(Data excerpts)
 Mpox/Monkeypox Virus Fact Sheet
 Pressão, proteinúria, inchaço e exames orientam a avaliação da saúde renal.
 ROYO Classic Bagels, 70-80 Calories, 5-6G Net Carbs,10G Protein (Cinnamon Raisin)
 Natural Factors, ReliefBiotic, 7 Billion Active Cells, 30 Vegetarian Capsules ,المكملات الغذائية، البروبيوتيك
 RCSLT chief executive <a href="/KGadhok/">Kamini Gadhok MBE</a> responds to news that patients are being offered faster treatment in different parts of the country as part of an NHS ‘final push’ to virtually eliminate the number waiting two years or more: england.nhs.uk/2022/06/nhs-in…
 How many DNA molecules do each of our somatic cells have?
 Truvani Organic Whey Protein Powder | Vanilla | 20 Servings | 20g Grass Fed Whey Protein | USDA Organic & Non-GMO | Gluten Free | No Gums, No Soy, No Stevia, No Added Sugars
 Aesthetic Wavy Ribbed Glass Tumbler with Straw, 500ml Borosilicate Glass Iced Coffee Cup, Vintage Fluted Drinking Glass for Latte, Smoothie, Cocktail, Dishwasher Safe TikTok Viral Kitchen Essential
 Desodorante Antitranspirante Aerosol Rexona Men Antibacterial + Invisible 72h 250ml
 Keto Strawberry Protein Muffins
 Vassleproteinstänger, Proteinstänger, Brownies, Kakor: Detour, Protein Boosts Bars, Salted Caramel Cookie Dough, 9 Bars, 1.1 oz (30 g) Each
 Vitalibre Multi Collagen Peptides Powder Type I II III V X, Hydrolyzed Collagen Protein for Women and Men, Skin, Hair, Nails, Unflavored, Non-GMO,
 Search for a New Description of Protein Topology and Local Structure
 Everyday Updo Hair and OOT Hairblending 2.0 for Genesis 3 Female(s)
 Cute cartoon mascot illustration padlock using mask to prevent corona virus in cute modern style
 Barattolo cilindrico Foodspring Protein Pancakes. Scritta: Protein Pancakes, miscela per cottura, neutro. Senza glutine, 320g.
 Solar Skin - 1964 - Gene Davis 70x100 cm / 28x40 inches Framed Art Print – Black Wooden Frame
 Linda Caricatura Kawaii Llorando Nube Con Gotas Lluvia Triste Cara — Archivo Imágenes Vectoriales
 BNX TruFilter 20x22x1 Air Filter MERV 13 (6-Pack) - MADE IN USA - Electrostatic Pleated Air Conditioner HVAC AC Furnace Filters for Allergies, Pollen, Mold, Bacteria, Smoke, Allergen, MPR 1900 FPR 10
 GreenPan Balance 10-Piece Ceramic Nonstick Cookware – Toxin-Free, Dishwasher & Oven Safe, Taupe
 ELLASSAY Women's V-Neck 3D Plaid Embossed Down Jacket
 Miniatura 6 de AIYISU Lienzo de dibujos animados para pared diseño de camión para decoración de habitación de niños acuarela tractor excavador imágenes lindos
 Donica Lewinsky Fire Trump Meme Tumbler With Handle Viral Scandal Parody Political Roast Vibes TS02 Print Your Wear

EXERCISE PROMPT: Each line above that contains "Hair" counts once; report the resulting number and nothing else.

REPLY TO THE TASK: 2